Однако, если бы композитор думал только об этом, если бы концерт состоял только из одних задач и хитроумных головоломок, его нельзя было бы назвать настоящим произведением искусства. В таком произведении не было бы самого главного — мысли, содержания.
Вот что пишет о концерте Чайковский:
«Тут есть две равноправные силы, то есть могучий, неисчерпаемо богатый красками оркестр, с которым борется и которого побеждает (при условии талантливости исполнителя) маленький, невзрачный, но сильный духом соперник. В этой борьбе много поэзии и бездна соблазнительных для композитора комбинаций».

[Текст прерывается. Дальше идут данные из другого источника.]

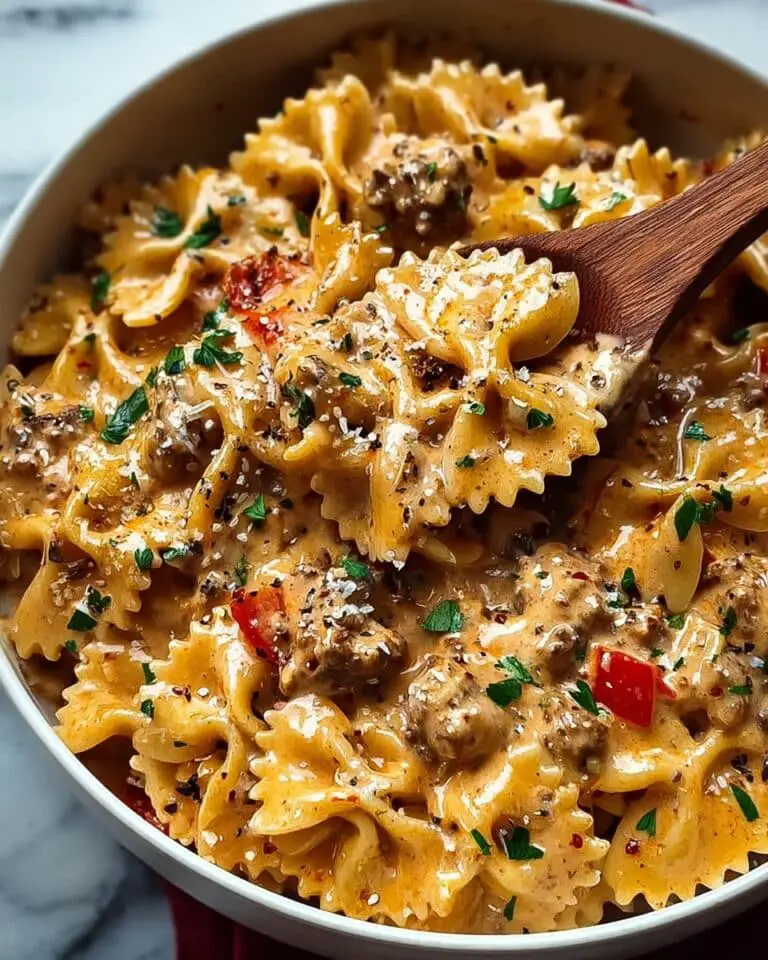 Parmesan Roasted Red Pepper Chicken Bowties in Garlic Cream Recipe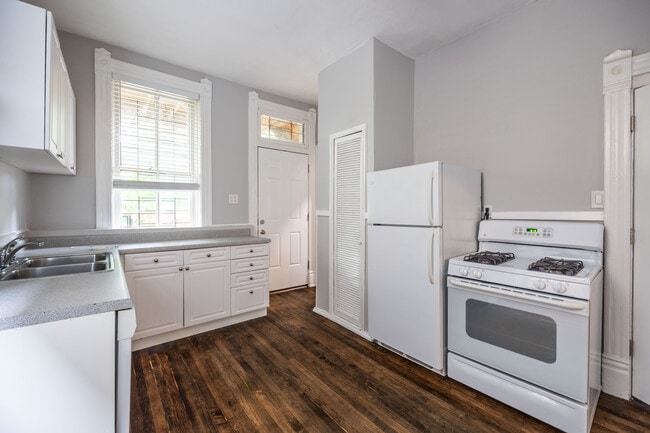 Photo - 2031 W Moffat St Unidad 3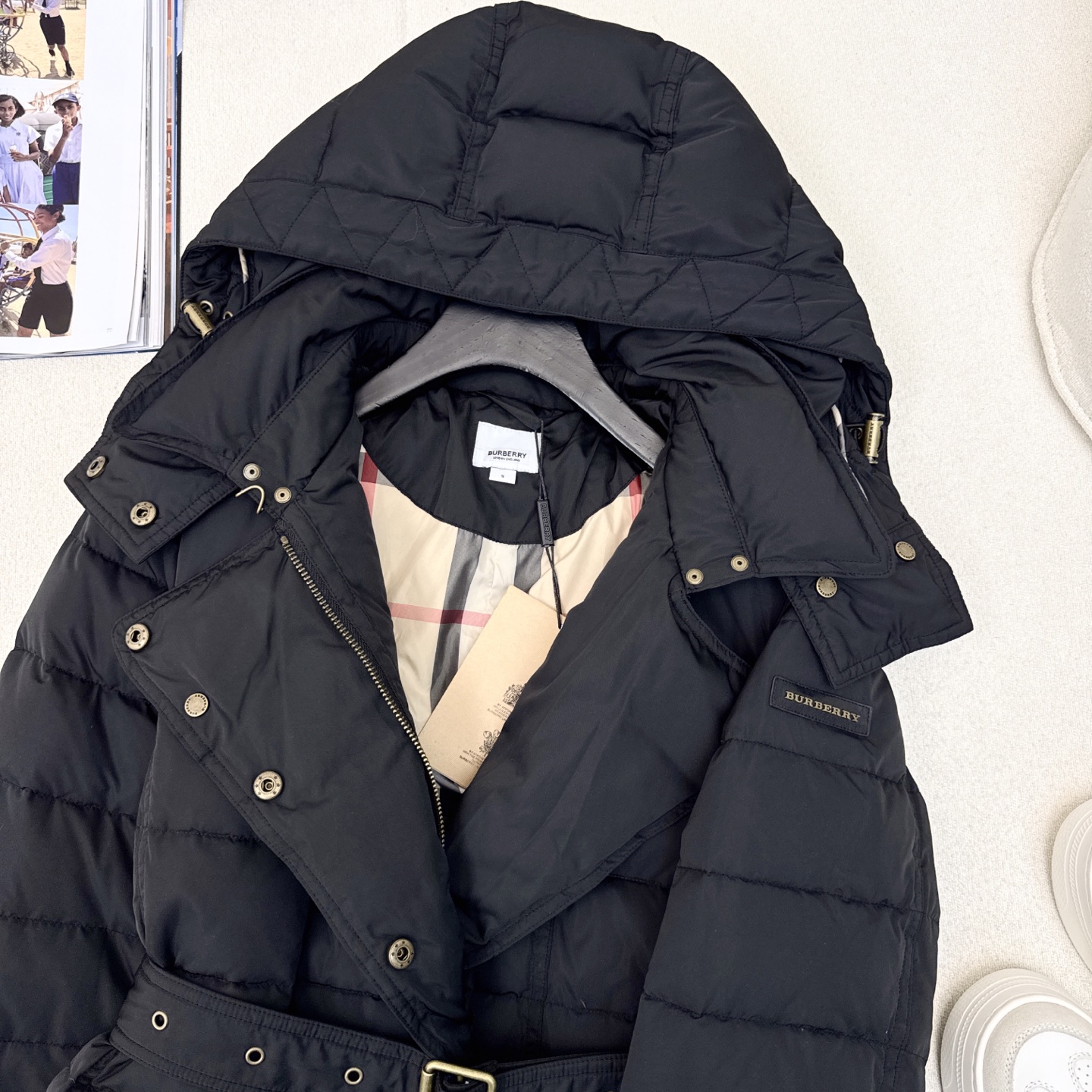 原单品质 Bur 25Ss———秋冬新款双排扣腰带束腰连帽羽绒服外套🖤 采用进口车缝定格 实穿性很高 专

Если бы страницы книги могли зазвучать после этих слов, мы сразу же услышали бы яркие, полнозвучные аккорды оркестра — начало Первого фортепьянного концерта Чайковского. С первыми звуками этой музыки словно сама радость врывается в зал. Каким маленьким и слабым кажется сидящий за роялем пианист. Мощное звучание оркестра словно отгородило его от зала плотной стеной.
И в эту ликующую массу звуков могучим колоколом влился новый голос. «Слушайте! — словно говорят нам размеренные, торжественные аккорды. — Слушайте! Вы не можете не слышать меня». И мы слышим, прекрасно слышим звучный, сильный голос рояля. Широкой мелодией разлились скрипки и, смиряя свое безудержное ликование, постепенно затих оркестр.
Теперь звучит один рояль... Сменяют друг друга виртуозные аккорды и пассажи, одевают мелодию в сверкающий, богатый наряд. Но и оркестр еще не смирился. Он не уступит так просто, не сдастся без борьбы. Вспыхивает страстный спор. Главная тема слышна то в оркестре, то в партии рояля... Да, конечно, это прежде всего замечательная музыка. Настоящая музыка, а не просто головоломные, виртуозные трюки.